Na medida em que as tecnologias evoluem, mais e mais sensores são embarcados nos mais diversos aparados eletrônicos que nos circundam: relógios de pulso, banheiras de hidromassagem, vasos sanitários inteligentes etc. etc., tudo com um objetivo único: conhecer e controlar todas as nossas ações, de tal ordem a sintonizar nossas escolhas de acordo com interesses pecuniários ou mesmo políticos!

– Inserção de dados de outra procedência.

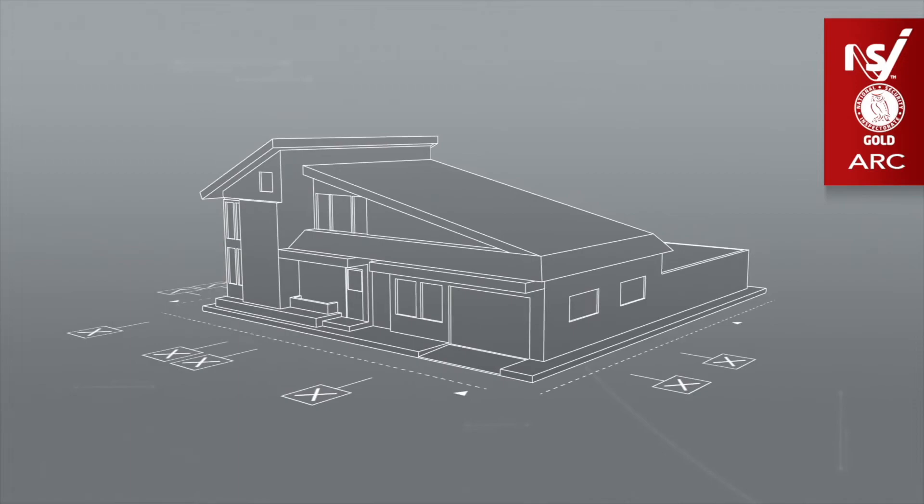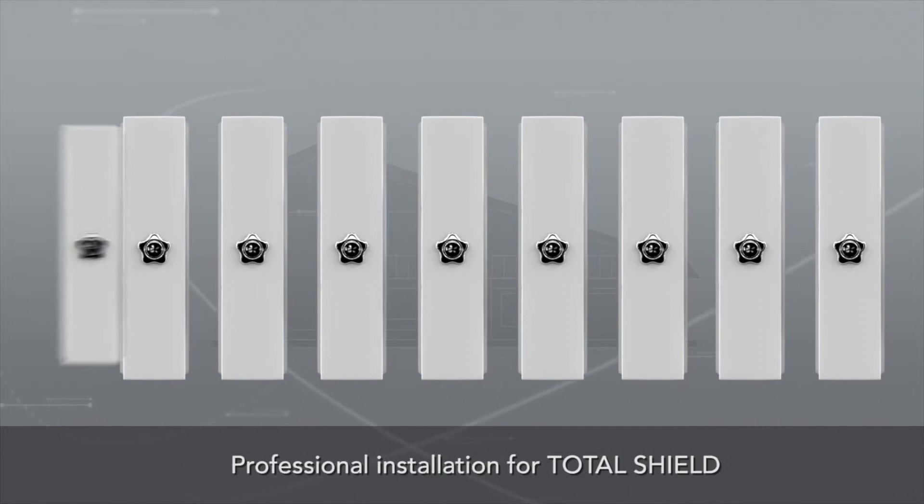Our experts will perform a bespoke security study to identify all possible access areas and weak points at the location. We will then carry out a professional installation for total shield.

Como explica Zuboff (2020): “numa linguagem comportamental, as situações sociais já estão sempre carregadas de intervenções para sintonizar; a maioria delas, operando fora da nossa consciência”. Por exemplo, um incentivo para renovação automática de uma apólice de seguro veicular com um alerta sobre a perda do prazo de renovação.

Técnicas bastantes sutis vem sendo utilizadas, entre elas: “sintonizar” que pode acontecer de várias formas e destina-se a criar pontuações para, de forma subliminar, moldar o comportamento do indivíduo no exato momento em que ele define uma escolha. “Pastoriar”, cujo objetivo é controlar elementos essenciais e assim, permitir, através de situações previamente orquestradas, levar o indivíduo em direção à determinada escolha. “Condicionar” que tem por finalidade induzir a uma mudança de comportamento. Aqui vale lembrar do experimento de Skinner quando condicionou pombos a bicarem o recipiente de alimentação para receber o alimento!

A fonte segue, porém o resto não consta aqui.